Dynamic Memory Handling Java vs C++

Dynamic Memory Handling Java vs C++ - java

I am a C++ programmer currently trying to work on Java. Working on C++ I have an habit of keeping track of dynamic memory allocations and employing various techniques like RAII to avoid memory leak. Java as we know provides a Garbage Collector(GC) to take care of memory leaks.So while programing in Java should one just let go all the wholesome worries of heap memory and leave it for GC to take care of the memory leaks or should one have a approach similar to that while programming languages without GC, try to take care of the memory you allocate and just let GC take care of ones that you might miss out. What should be the approach? What are the downsides of either?

I'm not sure what you mean by trying to take care of the memory you allocate in presence of a GC, but I'll try some mind reading.
Basically, you shouldn't "worry" about your memory being collected. If you don't reference objects anymore, they will be picked up. Logical memory leaks are still possible if you create a situation where objects are referenced for the rest of your program (example: register listeners and never un-register them, example: implementing a vector-like collection that doesn't set items to null when removing items off the end).
However, if you have a strong RAII background, you'll be disapointed to learn that there is no direct equivalent in Java. The GC is a first-class tool for dealing with memory, but there is no guaranteed on when (or even if) finalizers are called. This means that the first-class treatment applied to memory is not applied to any other resource, such as: windows, database connections, sockets, files, synchronization primitives, etc.

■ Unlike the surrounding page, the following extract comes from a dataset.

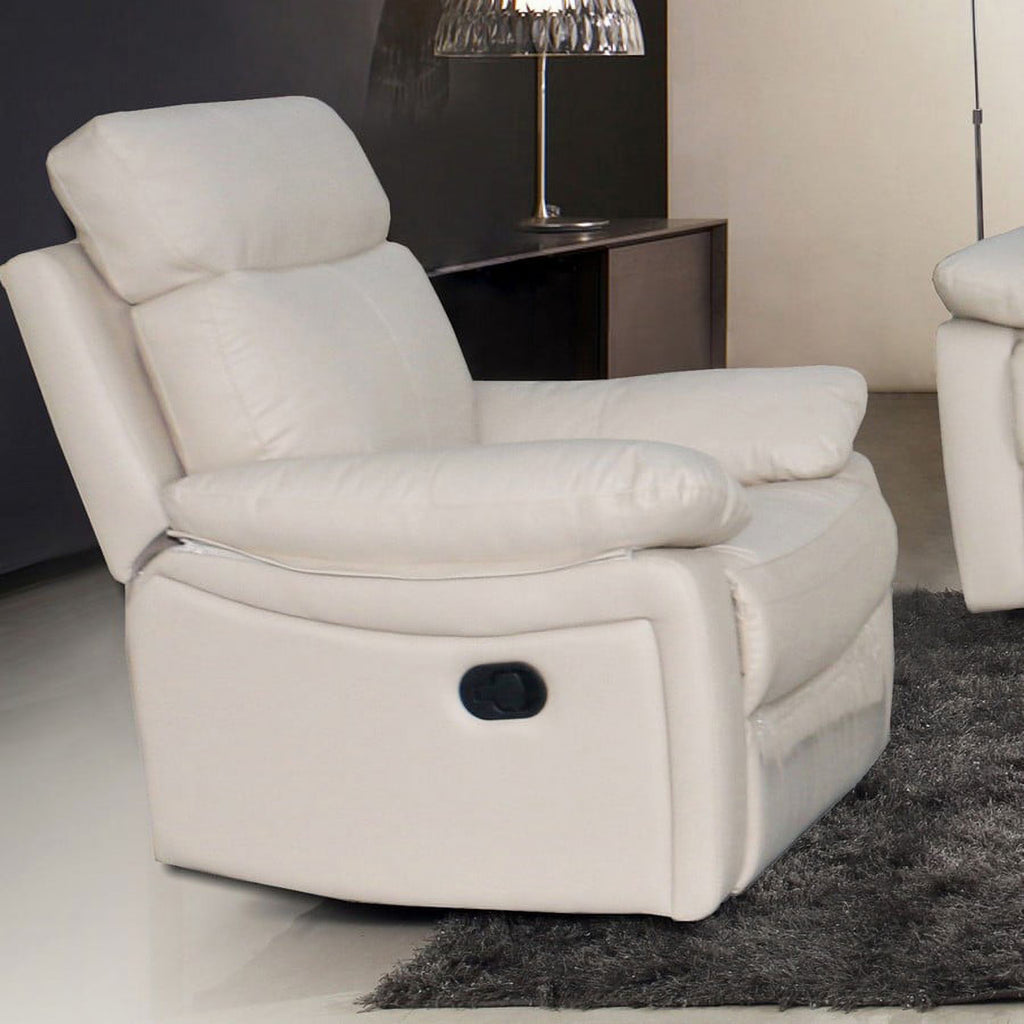 Taupe Reclining Leather Match Living Room Arm Chair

With Java and .net (and i imagine, most other GC'ed languages), you don't need to worry much about heap memory at all. What you do need to worry about, is native resources like file handles, sockets, GUI primitives like fonts and such. Those generally need to be "disposed", which releases the native resources. (They often dispose themselves on finalization anyway, but it's kinda iffy to fall back on that. Dispose stuff yourself.)

With a GC, you have to:
still take care to properly release non-memory resources like file handles and DB connections.
make sure you don't keep references to objects you don't need anymore (like keeping them in collections). Because if you do that, you have a memory leak.
Apart from that, you can't really "take care of the memory you allocate", and trying to do so would be a waste of time.

Technically you don't need to worry about cleaning up after memory allocations since all objects are properly reference counted and the GC will take care of everything. In practice, an overactive GC will negatively impact performance. So while Java does not have a delete operator, you will do well to reuse objects as much as possible.
Also Java does not have destructors since objects will exists until the GC gets to them,. Java therefore has the finally construct which you should use to ensure that all non-memory related resources (files sockets etc) are closed when you are finished with them. Do not rely on the finalise method to do this for you.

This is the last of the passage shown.